Paramount Skydance's $6B Cost-Cutting Plan Raises Layoff Concerns

Paramount Threatens to Pull CBS, Nickelodeon From YouTube TV
The Paramount logo is displayed at Columbia Square along Sunset Blvd in Hollywood, California on March 9, 2023.

A proposed merger between Paramount Skydance and Warner Bros. Discovery is raising serious concerns across Hollywood, as CEO David Ellison pushes forward with a plan to cut $6 billion in costs if the deal wins approval.

Ellison has promised investors that the savings will come from "synergies," meaning the removal of duplicate teams and operations once the two companies combine.

The merger would bring together major brands including HBO Max, CNN, thousands of Warner film titles, and dozens of soundstages in California, NY Post reported.

But inside both companies, many workers fear those savings will come at the cost of their jobs.

According to reports, employees at Paramount and Warner Bros.
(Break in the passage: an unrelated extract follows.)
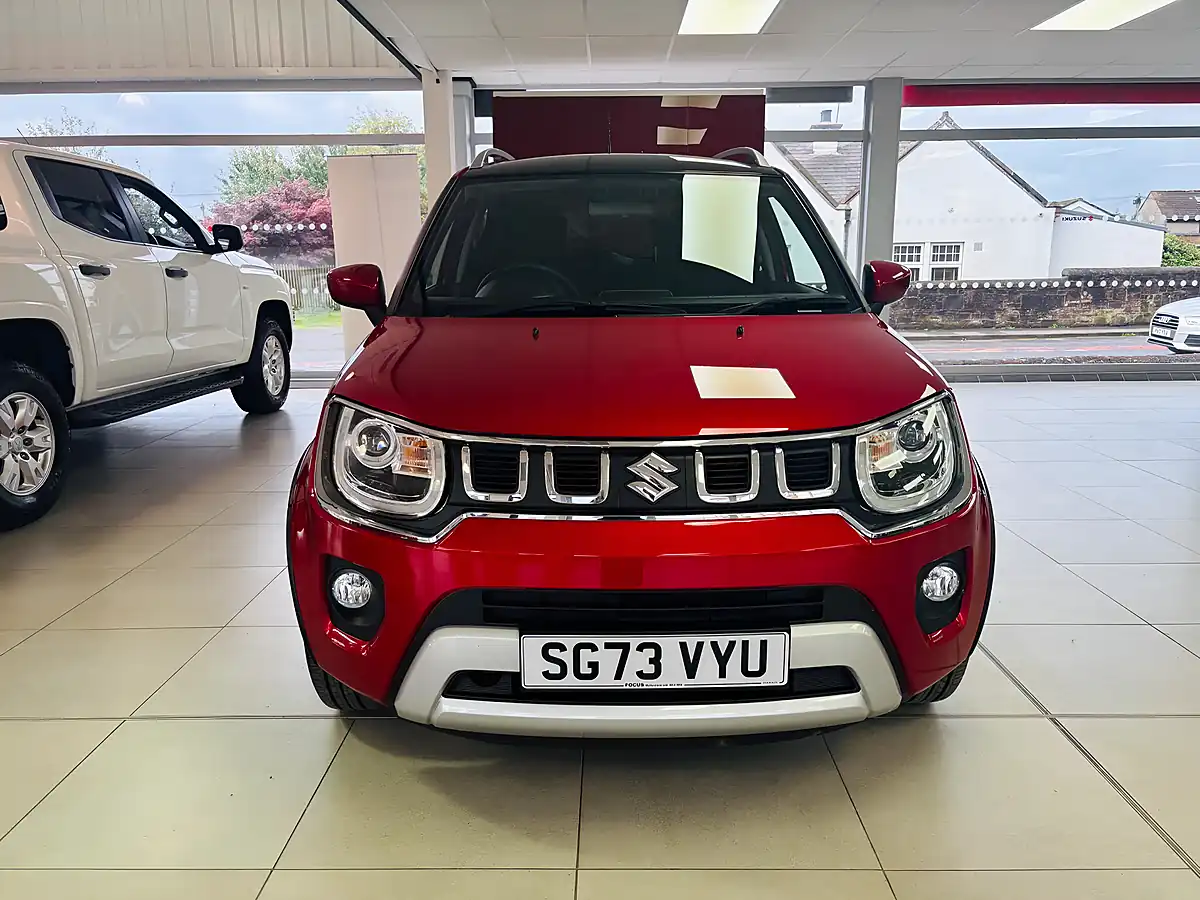 Used 2023 Suzuki Ignis Sz-T Red - Interior and Exterior details 2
Discovery are bracing for what one insider described as a potential "bloodbath."

A Paramount staffer said there were stunned reactions inside the Los Angeles office after news broke that Warner's board accepted the deal.

Some workers are now hoping the company will offer voluntary buyouts before making deeper cuts.
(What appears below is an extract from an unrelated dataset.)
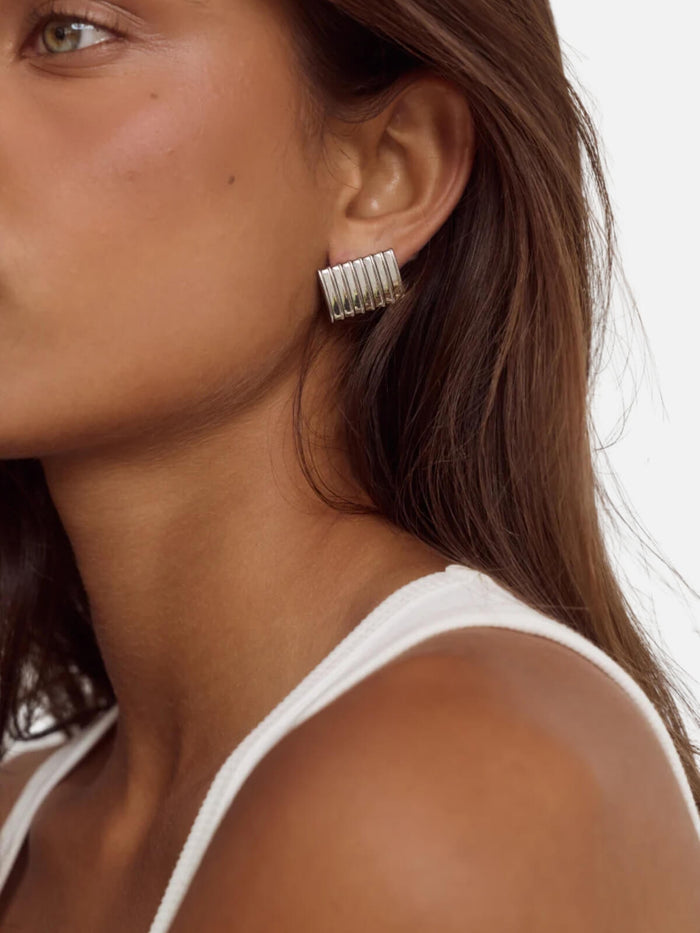 Tabi Earrings - Silver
Paramount Already Trimmed Workforce

Warner Bros.' production division alone employs about 7,500 people out of the company's 35,000 total staff.

Paramount, which once had nearly 20,000 employees, has already gone through layoffs in the past year.

According to Yahoo, Ellison previously cut around 1,000 jobs and planned to reduce another 1,000. With the two companies combining, insiders believe more reductions are likely.

"Think about the bloodletting of thousands of employees at CBS and Paramount, and now it will be more. Just awful," one insider told Variety.

Another source added, "It's really going to be a shakeup for the whole community, the losses of jobs and content."

Ellison has said the merged company would release about 30 films each year and keep a 45-day exclusive theatrical window before streaming. Still, industry analysts warn that cost-cutting on this scale almost always leads to major restructuring.

The deal also faces regulatory hurdles. California Attorney General Rob Bonta recently said the merger "is not a done deal" and confirmed that the state's Department of Justice is reviewing it.

Others point to the company's combined debt load, estimated at $79 billion after the merger, as another reason downsizing may continue.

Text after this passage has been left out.